Já escrevi
sobre Amós Oz romancista, ao comentar seu brilhante Judas, um livro fascinante. (http://loucoporcachorros.blogspot.com.br/2015/04/judas-de-amos-oz.html
)
Agora desejo falar do contista!
Amós Oz é um excelente contista, o que se pode conferir em pelo menos dois
de seus livros: Cenas da vida na aldeia
(2009) e Entre amigos ( 2014), ambos
editados pela Companhia das Letras, com a tradução do hebraico de Paulo Geiger.
Oz retrata a vida de um kibutz
através de seus moradores, protagonistas de histórias cheias de sentimento.
Trata de temas próprios daquele sistema de vida comunitária, como a
distribuição das tarefas diárias, a inutilidade do dinheiro, a educação das
crianças, misturando realidade e ficção na dose certa.
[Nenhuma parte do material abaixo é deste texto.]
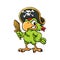 Pirate Parrot Cartoon Illustration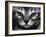 Silver Bengal Cat-Sarah Stribbling-Framed Art Print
Trata também dos temas
universais que povoam a literatura desde que ela existe: amor, ódio, traição,
inveja, orgulho, preconceito, abandono.
A elegância de sua escrita é a mesma
encontrada em Judas, como se pode ler
nesse trecho do conto Entre amigos:
“Antes do amanhecer a primeira chuva
começou a cair sobre as casas do Kibutz e sobre os campos e pomares. Um cheiro
fresco de terra molhada e de folhas que tinham sido lavadas da poeira encheu o
ar. A chuva varria os telhados vermelhos e as coberturas de zinco e fazia
barulho nas calhas. À primeira luz do dia pairava entre as casas o vapor de uma
neblina rala e nas flores dos jardins do kibutz brilhavam gotas d‘água. Um
aspersor continuava, sem necessidade, a girar e a lançar jatos de água sobre os
gramados. Velocípedes vermelhos molhados atravessavam, enviesados, a largura
dos caminhos. De dentro das copas das árvores ornamentais se ouviam os cantos
agudos e urgentes dos espantados passarinhos.
A chuva acordou Nahum Ashrov de um
sono ruim.”
Não é preciso sair do kibutz para
que Amós Oz construa a sua comédia humana.